When sealed tin cans, as a way of preserving and transporting foodstuffs, was invented in the first part of the 19th century, they used lead to seal the cans.

One of the first uses of the new invention was an exploratory expedition to the Arctic. The explorers never returned. Only years later did scientists learn that the expedition's demise was due, not to ravages of nature, as was assumed at the time, but to the canned food they took with them. Deductions from the words they wrote in their diaries and the way they wrote them confirmed it.


----------



## runswithscissors (Nov 8, 2012)

Actually, hatters used mercury in making felt hats, not lead.


----------



## Knothead62 (Apr 17, 2010)

After reading this, I am surprised that the human race has survived for this long considering how people lived in the past few thousand years.
As a sort-of student of Roman history, the upper classes would not have had lead utensils but fired pottery or even gold. Emperors were not, IMHO, affected by lead but by a mega-ego, coupled with paranoia. Read how many had their own families killed to eliminate competition for the throne. If you disagree, please give your source so I can research it. Thanks.

Quote: You get to the point where the iron in your blood turns to lead in your pants.


----------



## stefang (Apr 9, 2009)

*Yonak* Feel free to use this excuse. I'm always glad to share good ideas with my LJ friends.
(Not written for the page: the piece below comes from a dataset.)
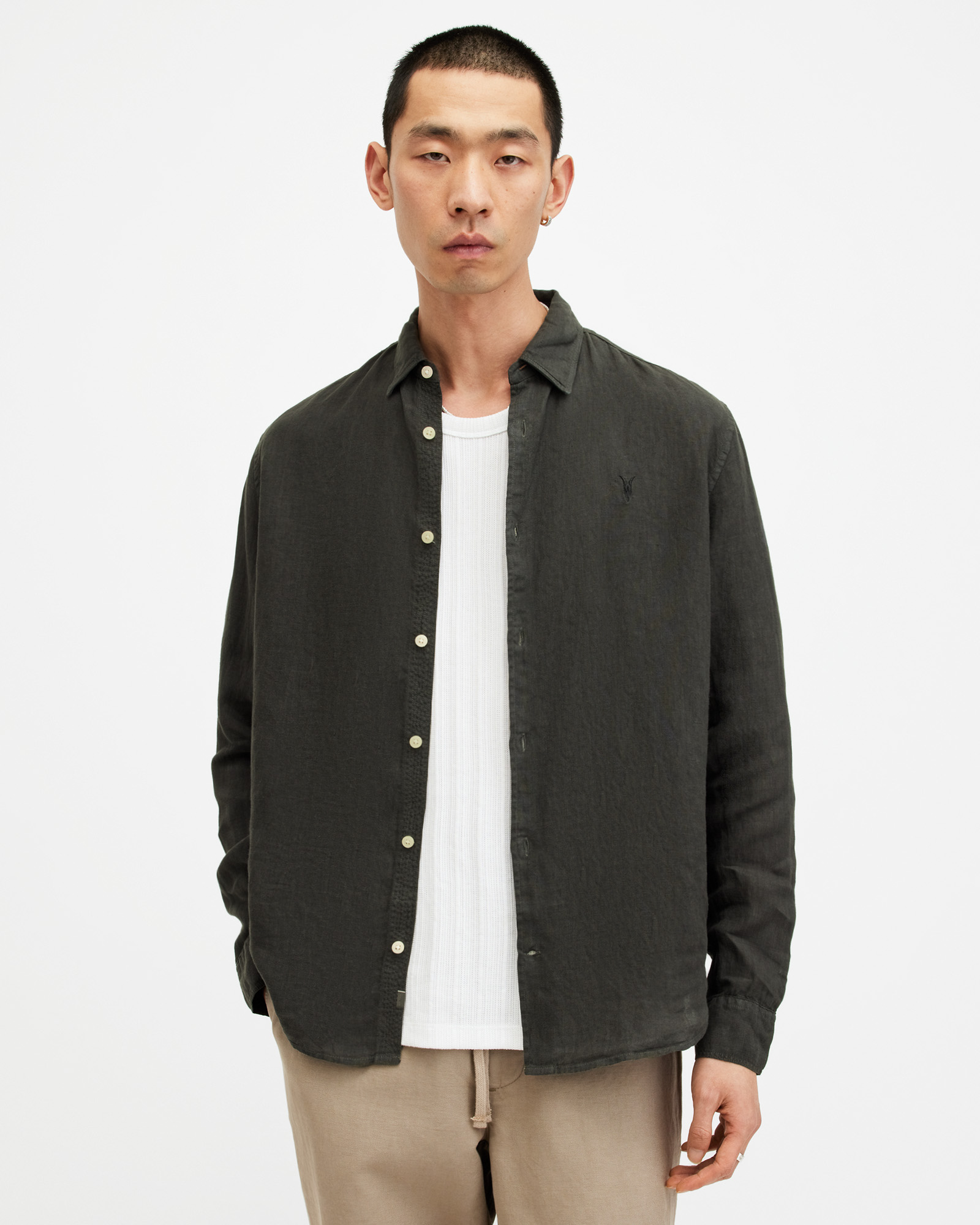 AllSaints Cypress Long Sleeve Linen Relaxed Shirt,, Washed Black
*Knothead* My theory is that most people had children when they were quite young and probably were not yet seriously affected by lead and other poisonous substances at that age. I don't have any proof of this theory, it just seems to make sense.


----------



## bold1 (May 5, 2013)

If you survived childhood you had to have a good immune system and a high tolerance to things like lead. Most adults shrug off the effects unless it's massive doses or low doses for a long time. That's one of the reasons that heavy metals were used up till recently in many objects. When testing was started, it was done on adults not children. And what took an adult years, maybe a lifetime, to show up, is deadly in children.


----------



## TCCcabinetmaker (Dec 14, 2011)

Mercury is in the new squiggly energy efficient light bulbs to. Much safer than those old power consuming incandescents…. lol


----------



## joeyinsouthaustin (Sep 22, 2012)

I am commenting just to send this back up to the top of the pulse…. I have been exposed to many things in my career that I wish people had been talking about on a reg. basis. Thanks *A1* for posting this.


----------



## woodworkingdrew (Dec 29, 2013)

Jim its funny you happen to post this. I will be repainting my house this summer and was tossed up about the fascia boards. I went back and fourth between sanding them or just straight replacing them. Some have a little rot, but my main concern was the old lead paint. I decided to just replace them with new ones. Thanks for the info.


----------



## Kentuk55 (Sep 21, 2010)

Gr8 info Jim, and a good reminder to all. Thnx for posting.


----------



## kelvancra (May 4, 2010)

Just a reminder: The Navy was loosing sailors to lead poisoning, until they discovered EDTA removed the lead (it's also used as a preservative in your salad dressing).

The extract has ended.